Fonts in places are kinda strange, as if it's falling back to some sort of crappy linux font, rather than the nicer anti-aliased TiVo ones ("Press INFO for options" and show titles on the detail screen for example).

Has a saved shows folder for things you've watched. Programs you've watched icon is the same as the 'going away soon' icon it seems, other than being a half shade of yellow different.

Fast forwarding is locked (at least on the one show I tried). I haven't had a Comcast box in a long time, but I don't remember this being the case there. Sucky.

No different channels for the various sub-groups of On Demand, just one main screen linking to them all. A bit messy, but nice to not have to hunt around.

Video quality seems pretty good, a bit of macroblocking at times. Better than streaming Netflix most of the time.

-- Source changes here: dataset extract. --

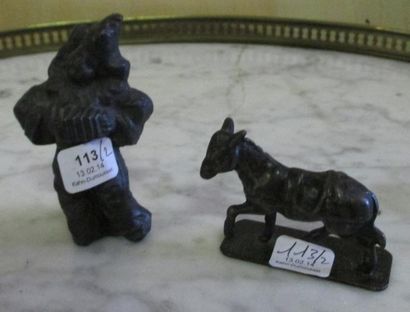 Deux petits bronzes: âne et accordéonist...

UI feels like a strange cross between HD and SD. Has the new show detail screen, but something seems off. TiVo guy looks stretched maybe?

Let me know if you have questions.


----------



## ldhurley

Netflix picture quality plus ease of use on my Samsung TV app and my Panasonic Blu Ray app are so superior than through TIVO. There is no comparison plus since you can only add to instant que through another source in order to view on TIVO the TIVO application is worthless.


----------



## takeshi

emkorial said:


> The change is on the Tivo side, and I'd be willing to bet Tivo has some test units to test one. And every Tivo is the same. A premier in SF is identical to a premiere in NYC which is identical to a premier in Miami. It if works, it works everywhere, if it doesn't work, it doesn't work anywhere.

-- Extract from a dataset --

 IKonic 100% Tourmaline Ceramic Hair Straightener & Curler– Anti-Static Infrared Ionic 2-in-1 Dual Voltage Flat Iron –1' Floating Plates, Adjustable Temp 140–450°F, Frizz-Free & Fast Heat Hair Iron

Not necessarily. Again, you're oversimplifying and assuming. Everything seems simple when you're blissfully unaware of the details involved. Upon initial setup, my Tivo had constant reboot issues which turned out to be related to Comcast's network specifically in my area. While my issue may not be germane to this particular discussion there are always small details to iron out which, again, is the whole point of test rollouts. Just because you can't imagine any potential issues doesn't mean that they do not exist.



lpwcomp said:


> Why did you quote me rather than emkorial? _*I*_ agree with _*you*_ (at least on this particular point).

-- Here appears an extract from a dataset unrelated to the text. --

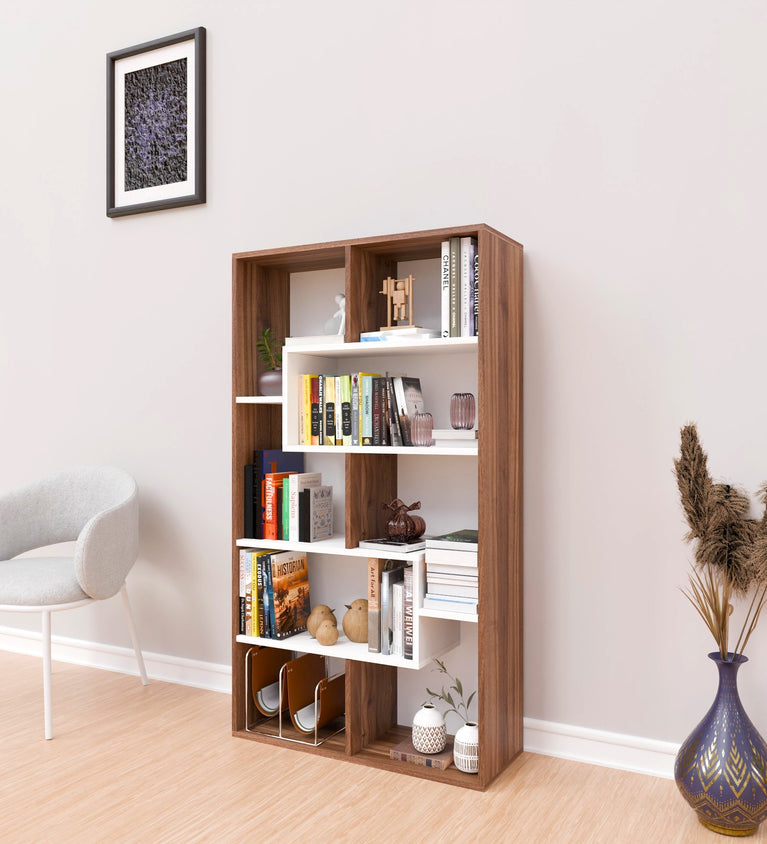 Spydercraft Matte Finish Beni Bookshelf| Color: Noce Lyon and White| Do- It- Yourself product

Quoting isn't just used for disagreement. It's also used to build on a former comment (as in this case).


----------



## davezatz

emkorial said:


> Comcast isn't changing anything on their end.


Wrong.


----------



## davezatz

kerz said:


> I'm a real user! Pics: https://plus.google.com/photos/118350228124353464961/albums/5730015166045498785


Awesome, thank you! Post is up.  Wish I was a Comcast subscriber...


----------



## ghuido

Here are my questions

1.) Did you need a reboot or was it just there?
2.) What Software Version is your TIVO Reporting now?
3.) How does the pay per view work? Does it show you the price?
4.) For the paid premium items (HBO/Showtime)? does it show unathorized if you don't have it?
5.) The screenshots show Dolby 5.1? Is it pumping out the audio at that level?


----------



## kerz

ghuido said:


> Here are my questions
> 
> 1.) Did you need a reboot or was it just there?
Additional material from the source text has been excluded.